(Records provided begins)

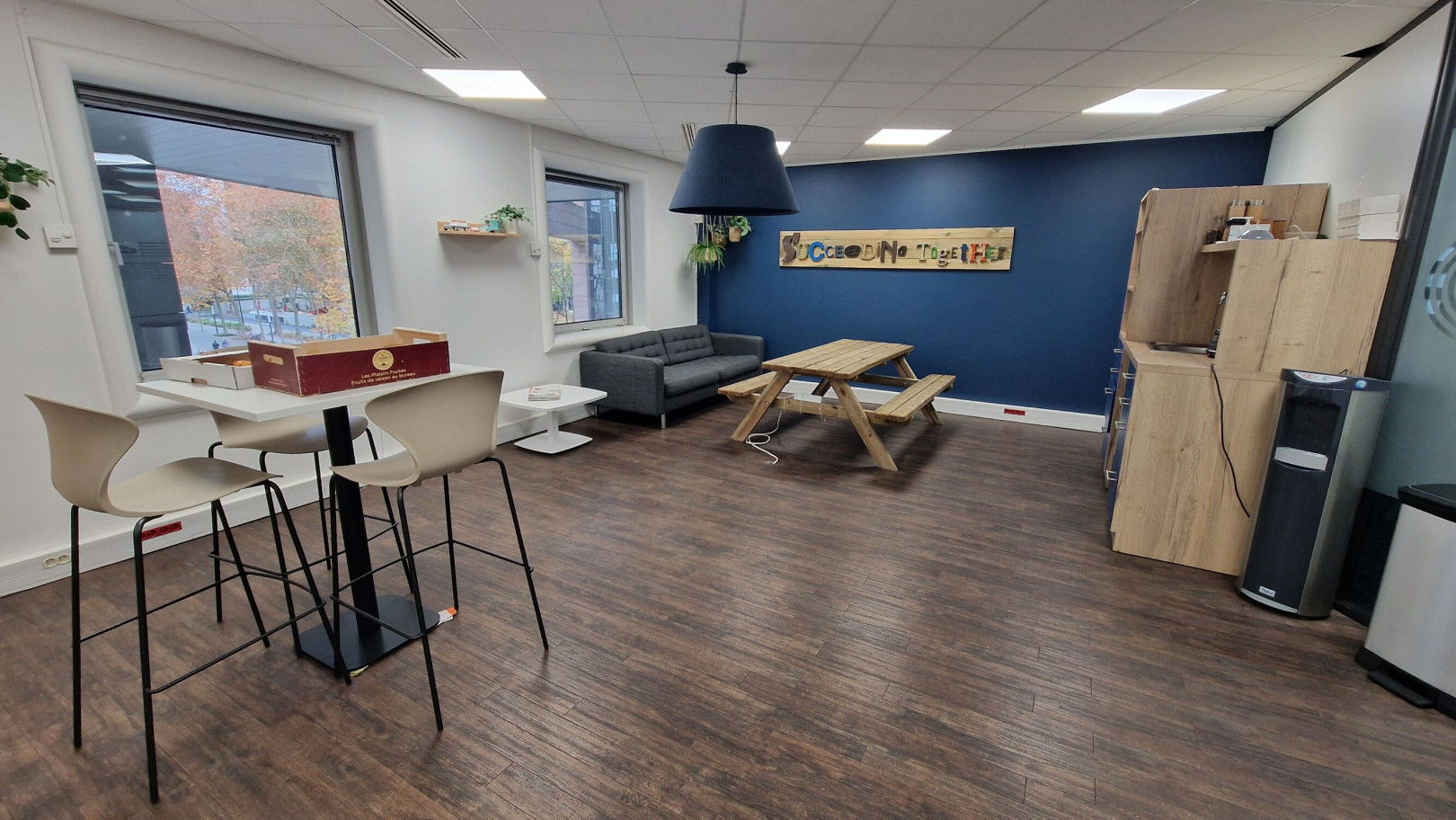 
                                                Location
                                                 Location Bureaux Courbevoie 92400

(Records provided ends)
(Records provided begins)

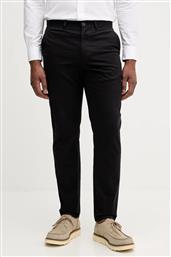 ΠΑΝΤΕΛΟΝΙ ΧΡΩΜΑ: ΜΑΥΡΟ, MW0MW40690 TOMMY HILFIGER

(Records provided ends)
(Records provided begins)

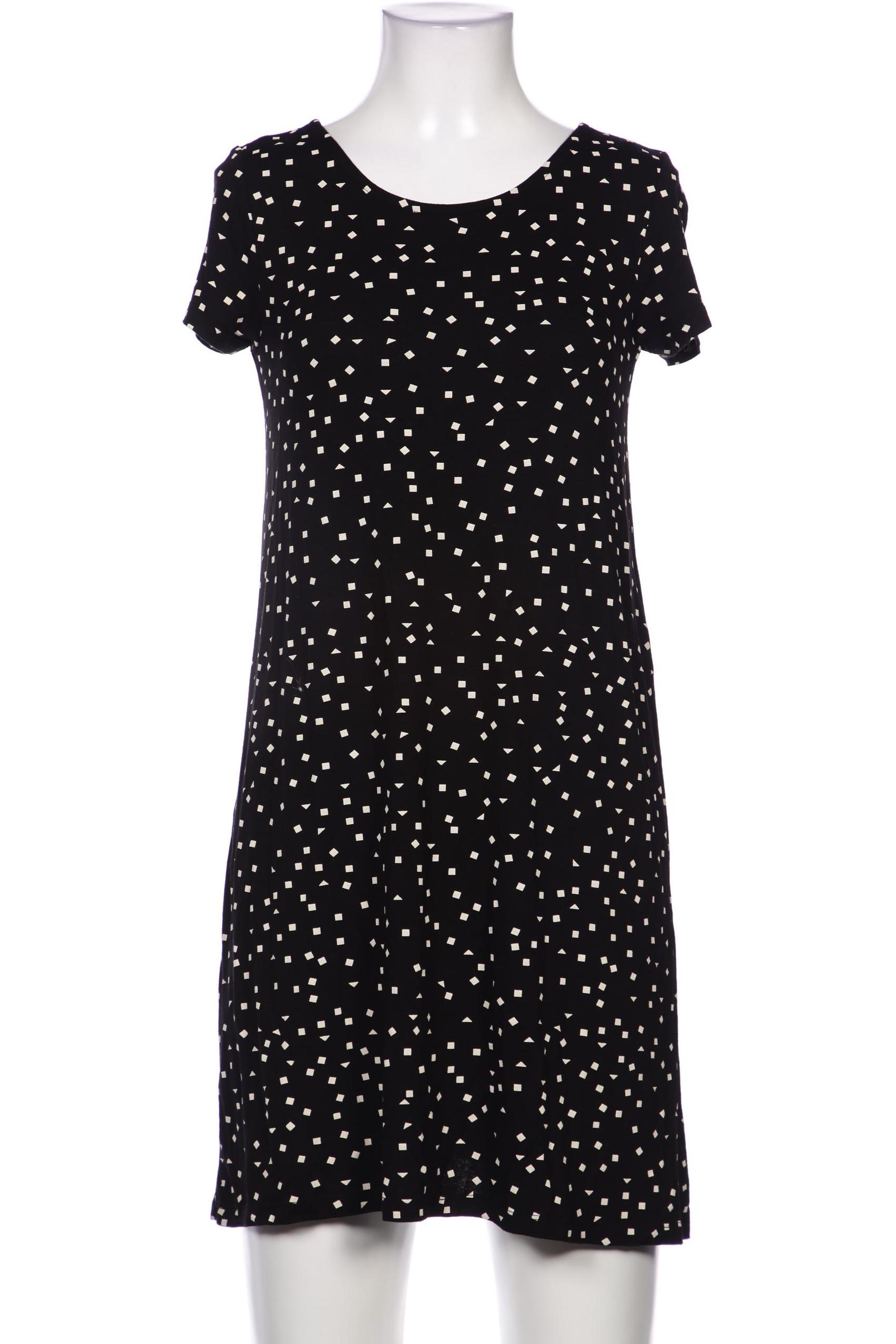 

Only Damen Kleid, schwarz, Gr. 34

(Records provided ends)

#### Instructions for the task
Find every line with "Location" in the listing and state how many there are, nothing else.

#### Response area
2